Content starts
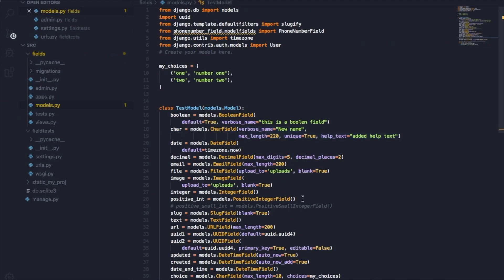Of course there are more field options and field types in the documentation, but in my opinion if you learn the ones mentioned here, this will get you going with pretty much any advanced application. Thank you and we'll see each other in the next video.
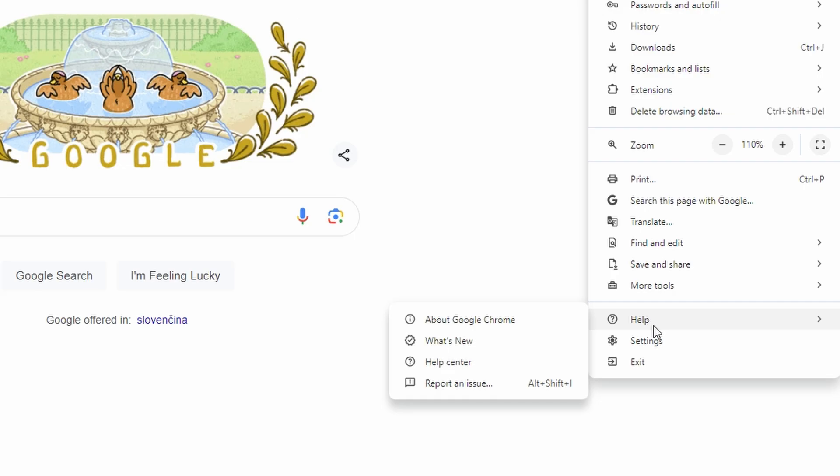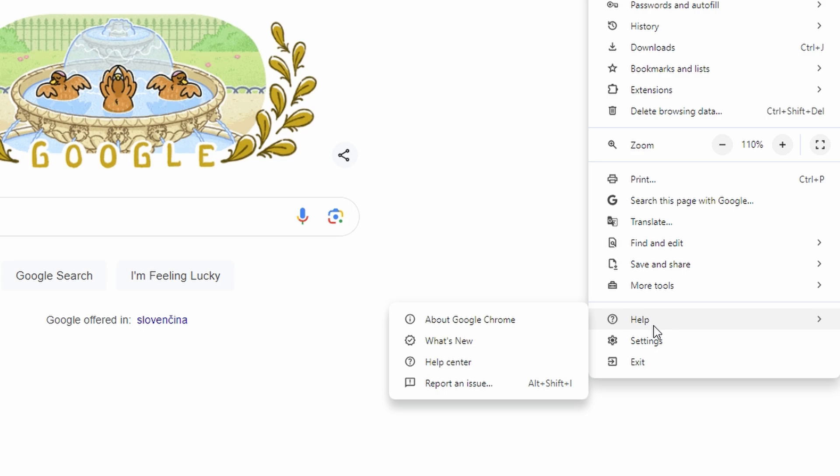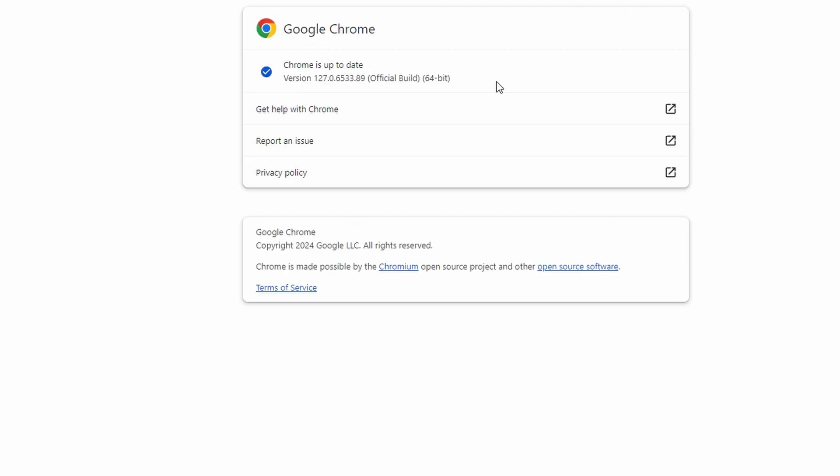Then click on the three vertical dots again, go to Help, and select About Google Chrome. Chrome will automatically check for updates and install any available updates. Make sure you're running the latest version of Google Chrome.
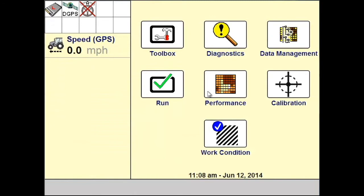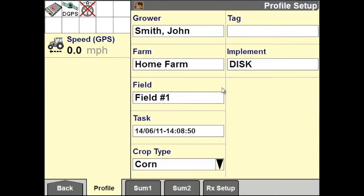Before you record a heading swath, first verify you have selected the correct grower, farm, and field. To do this, from your home screen go to Performance, and in the Profile Setup you can verify if you have selected the correct grower, farm, and field. The swath that is created will be saved to that field.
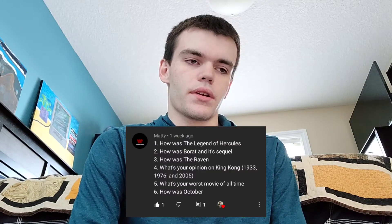The first 16 questions come from a user named Maddie, split into two comments — one with six questions and one with ten. Starting with the six-question comment: the first question from Maddie is how was The Legend of Hercules? I've never seen that movie, but I hear it's supposed to be a really crappy movie and I probably don't plan on watching it anytime soon.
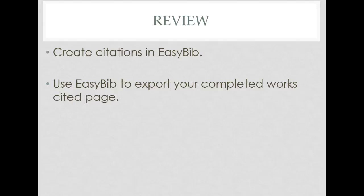Remember, in using EasyBib, you can use it to create citations and you can use it to export your completed Works Cited page.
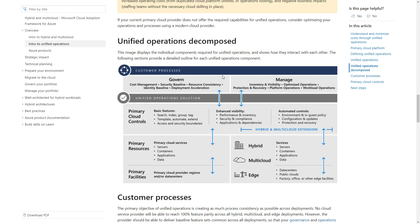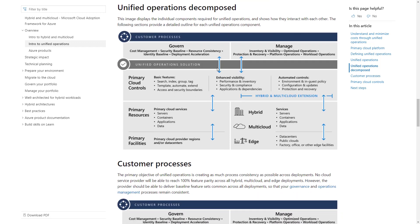On the management side, you first need visibility and inventory to bring everything together, then you add tools like monitoring, backup, and management automation. You can see how the primary cloud provider controls need to send capabilities — basic features for visibility including search, indexing, tagging, and grouping of resources. You can also leverage templates and automation to work with these different cloud providers or on-premises management technologies.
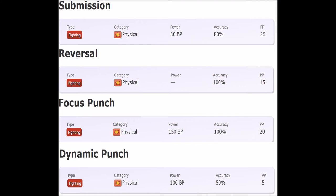Heracross had nothing else outside of Reversal and was basically forced to use Endure and Reversal to make that Pokémon work. It was high risk. We also got Dynamic Punch in generation two, which works for a few mons but with 50% accuracy, nothing's happening there.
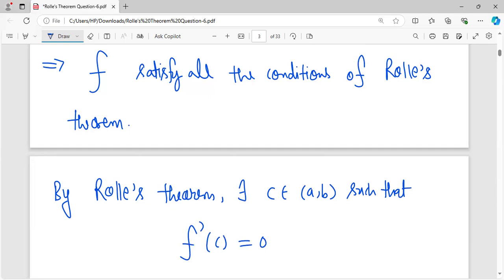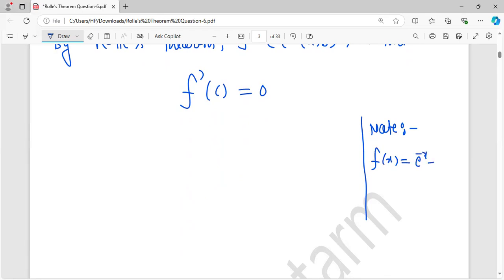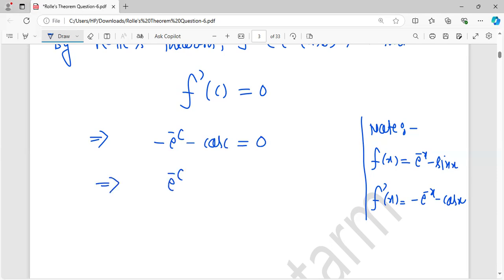But what is f prime? You see here, f is e to the power minus x minus sin x. So what is the differentiation of f? This implies, putting the value at c, we get e to the power minus c plus cos c equals 0.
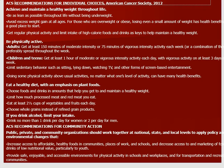The ACS also recommends eating a healthy diet with an emphasis on plant foods — focusing on fruits, vegetables, and grains for the nutrients they provide, which can also help reduce risk of certain cancers. Limit alcohol intake. Public, private, and community organizations play a role too, through awareness efforts like Breast Cancer Awareness Month and Relay for Life, which help educate the community and provide opportunities for people to get screened and learn how to protect themselves.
Content ends
### EXERCISE:
This exercise calls for the complete listing, returned exactly and without images.

### OUTPUT BELOW:
Of course there are more field options and field types in the documentation, but in my opinion if you learn the ones mentioned here, this will get you going with pretty much any advanced application. Thank you and we'll see each other in the next video.
Then click on the three vertical dots again, go to Help, and select About Google Chrome. Chrome will automatically check for updates and install any available updates. Make sure you're running the latest version of Google Chrome.
Before you record a heading swath, first verify you have selected the correct grower, farm, and field. To do this, from your home screen go to Performance, and in the Profile Setup you can verify if you have selected the correct grower, farm, and field. The swath that is created will be saved to that field.
The first 16 questions come from a user named Maddie, split into two comments — one with six questions and one with ten. Starting with the six-question comment: the first question from Maddie is how was The Legend of Hercules? I've never seen that movie, but I hear it's supposed to be a really crappy movie and I probably don't plan on watching it anytime soon.
Remember, in using EasyBib, you can use it to create citations and you can use it to export your completed Works Cited page.
On the management side, you first need visibility and inventory to bring everything together, then you add tools like monitoring, backup, and management automation. You can see how the primary cloud provider controls need to send capabilities — basic features for visibility including search, indexing, tagging, and grouping of resources. You can also leverage templates and automation to work with these different cloud providers or on-premises management technologies.
Heracross had nothing else outside of Reversal and was basically forced to use Endure and Reversal to make that Pokémon work. It was high risk. We also got Dynamic Punch in generation two, which works for a few mons but with 50% accuracy, nothing's happening there.
But what is f prime? You see here, f is e to the power minus x minus sin x. So what is the differentiation of f? This implies, putting the value at c, we get e to the power minus c plus cos c equals 0.
The ACS also recommends eating a healthy diet with an emphasis on plant foods — focusing on fruits, vegetables, and grains for the nutrients they provide, which can also help reduce risk of certain cancers. Limit alcohol intake. Public, private, and community organizations play a role too, through awareness efforts like Breast Cancer Awareness Month and Relay for Life, which help educate the community and provide opportunities for people to get screened and learn how to protect themselves.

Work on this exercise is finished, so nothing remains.